26
Nov
08

Ricoeur’s Memory, History, Forgetting

Paul Ricoeur
Memory, History, Forgetting
Area: History of Rhetoric and Memory Studies
Preface

Xvi: “In this way, the phenomenology if memory begins deliberately with an analysis turned toward the object of memory, the memory that one hase before the mind; it then passes through the stage of the search for a given memory, the stage of anamnesis, of recollection; we then finally move from memory as it is given and exercised to reflective memory, to memory of oneself.”
Chapter 1: Memory and Imagination
•    Two questions: of what are there memories? Whose memory is it?
•    To remember is to have a memory or to set off in search of a memory
•    What → who → how
•    Memory, reduced to recall, thus operates in the wake of imagination
•    Platonic: speaks of the present representation of an absent thing
o    It argues implicitly for enclosing the problematic of memory within that of imagination
•    Aristotelian: centered on the theme of representation of a think formerly perceived, acquired, or learned, argues for including the problematic of the image within that of remembering
o    Aristotle: “All memory is of the past”
•    Can a man who has learned something not know when he is remembering it?
•    Accept the identification between possessing knowledge and actively using it
o    Holding a bird v. keeping it in a cage
•    Platonic texts on memory: aporetic results and difficulties
o    Absence: explicit reference to the distinctive feature of memory in which the affections of the body and the soul to which memory is attached are signified
o    The relation that exists between the eikon and the first mark
•    Can the relation to the past only be a variety of mimesis?
•    History: trace or imprint?
o    “External” marks of writing: written discourse, image (wax impression), graphic
•    What do we remember: the affection or the thing that produced it?

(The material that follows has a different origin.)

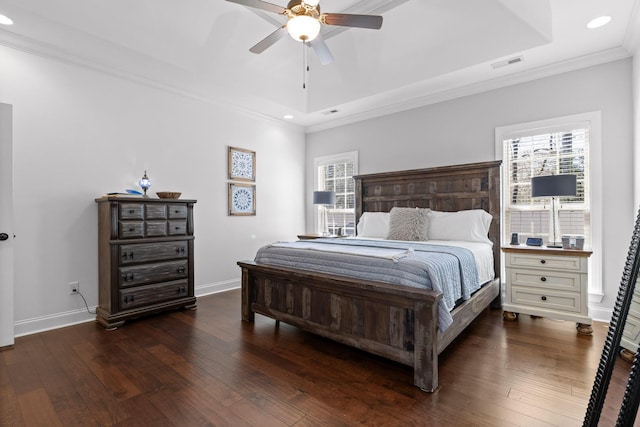 bedroom featuring a tray ceiling, hardwood / wood-style flooring, and visible vents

o    If affection: then it’s not something absent one remembers
o    If the think: then how, while perceiving the impression could we remember the absent think that we are not at present perceiving?
•    Aristotle: distinction between mneme and anamnesis
o    Mneme: arises in the manner of an affection; simple evocation
o    Anamnemesis: active search; effort to recall
3: “If the ‘I’ in the first person singular is too hastily declared the subject of memory, the notion of collective memory can take shape only as an analogical concept, even as a foreign body in the phenomenology of memory.”

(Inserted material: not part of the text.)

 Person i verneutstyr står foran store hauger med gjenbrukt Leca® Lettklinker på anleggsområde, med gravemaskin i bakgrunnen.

7:  “And yet, we have nothing better than memory to guarantee that something has taken place before we call to mind a memory of it.  Historiography itself, let us already say, will not succeed in setting aside the continually derided and continually reasserted conviction that the final referent of memory remains the past, whatever the pastness of the past may signify.”

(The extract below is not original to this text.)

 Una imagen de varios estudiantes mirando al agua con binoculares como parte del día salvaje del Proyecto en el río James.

9:  “The reference to time we might expect from the use of the verb ‘to preserve in memory’ is not relevant in the framework of an epistemic theory that is concerned with the status of false opinion, hence with judgment and not with memory as such.  Its strength is to embrace in full, from the persoective of a phenomenology of mistakes, the aporia of the presence of absence.”
11: “The idea of ‘faithful resemblance’ belonging to the eikastic art will at least have served as a relay.  Plato seems to have noted in the threshold of the impasse, when he asks himself: ‘what in the world do we mean by a ‘copy’?  We lose our way in the enumeration of examples that seem to escape the art of orderly division and, first of all, that of generic definition: ‘What in the world would we say a copy is, sir, except something that’s made similar to a true think and is another think that’s like it?’  But what is the meaning of ‘a true thing’? And ‘another thing’? And ‘like it’?”
14:  “Socrates proposes: ‘that our soul in such a situation is comparable to a book.’  ‘How so?’ asks Protarchus.  The explanation follows: ‘If memory and perceptions concur with other impressions at a particular occasion, then they seem to inscribe words in our soul, as it were.  And if what [the experience] is written is true, then we form a true judgment and a true account of the matter.  But what if what our scribe writes is false, then the result will be the opposite of truth.’”
15:  “To distinguish, not the persistence of memories in relation to their recall, but their simple presence to mind (which I shall later call simple evocation in my phenomenological sketch) in relation as a search.  Memory, in this particular sense, is directly characterized as affection (pathos), which distinguishes it precisely form recollection.”